0:22 - Swanee River (Trad.) – Bird hums, Chops pops up in window.
0:32 - GR-155 PARKS AND GARDENS (Green) – Chops at window, Augie suggests “piana-missimo.”
0:57 - Swanee River (Trad.) – Bird hums.
1:01 - GR-81 FRED KARNO'S ARMY BRIDGE No 1 (Green) – ‘Agent’ Dad talks with Augie, cat grabs Humboldt.
1:12 - GR-334 LIGHT AGITATED BRIDGE (Green) – Chops runs away.
1:26 - C-C+-F# comedy open (?) – Chops in lamp, kicked out of house.
2:05 - Swanee River (Trad.) – Bird hums, “Director” arrives.
2:13 - THE HAPPY COBBLER (Hecky Krasnow) – “Director” enters, “proceed, please.”
2:47 - Swanee River (Trad.) – Bird hums, fork comes out of baton.
2:49 - ‘FIREMAN’ (Shaindlin) – Hum for help; kitchen scene, “Director” kicked out of house.
3:26 - GR-248 STREETS OF THE CITY (Green) – “Santa” enters, Daddy looks at calendar.
4:12 - vaudeville rising scale music (Shaindlin) – “Santa” blown up; kicked out of house.

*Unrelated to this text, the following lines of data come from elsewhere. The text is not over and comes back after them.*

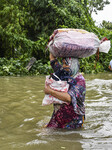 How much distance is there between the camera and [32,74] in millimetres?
A: 11383

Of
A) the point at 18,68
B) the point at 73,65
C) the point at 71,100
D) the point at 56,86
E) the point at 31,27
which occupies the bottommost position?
the point at 18,68

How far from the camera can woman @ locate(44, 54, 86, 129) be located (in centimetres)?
256

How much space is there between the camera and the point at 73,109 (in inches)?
105

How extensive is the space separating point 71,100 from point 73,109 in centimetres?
16

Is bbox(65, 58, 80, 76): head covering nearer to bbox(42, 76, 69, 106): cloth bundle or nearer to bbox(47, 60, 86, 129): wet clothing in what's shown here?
bbox(47, 60, 86, 129): wet clothing

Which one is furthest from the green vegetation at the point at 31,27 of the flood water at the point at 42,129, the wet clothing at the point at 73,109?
the wet clothing at the point at 73,109

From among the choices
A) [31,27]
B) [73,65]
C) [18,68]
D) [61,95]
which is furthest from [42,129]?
[31,27]

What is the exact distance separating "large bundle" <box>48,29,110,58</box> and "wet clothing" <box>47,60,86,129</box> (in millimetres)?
247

4:27 - CB-83A Mr. TIPPY TOES (Harry Bluestone-Emil Cadkin) – ‘Waffled’ Humbolt, Daddy pulled through cage.
5:03 - GR-255 PUPPETRY COMEDY (Green) – Chops and Daddy at window.
5:17 - SIX DAY BIKE RACE (Shaindlin) – Chops runs down hall; swallows bird.
5:33 - GR-346 FIRST BUDS (Green) – “Where’s Humboldt, Augie?”
5:39 - Swanee River (Trad.) – Humboldt hums.
5:47 - CB-83A Mr. TIPPY TOES (Bluestone-Cadkin) – TV station calls.
6:02 - GR-258 THE TIN DRAGOONS (Green) – TV host intros Augie and Humboldt.
6:18 - Swanee River (Trad.) – Humboldt and Chops hum.
6:43 - vaudeville rising scale music (Shaindlin) – Doggie talks to camera.
6:49 – Augie Doggie end title theme (Curtin).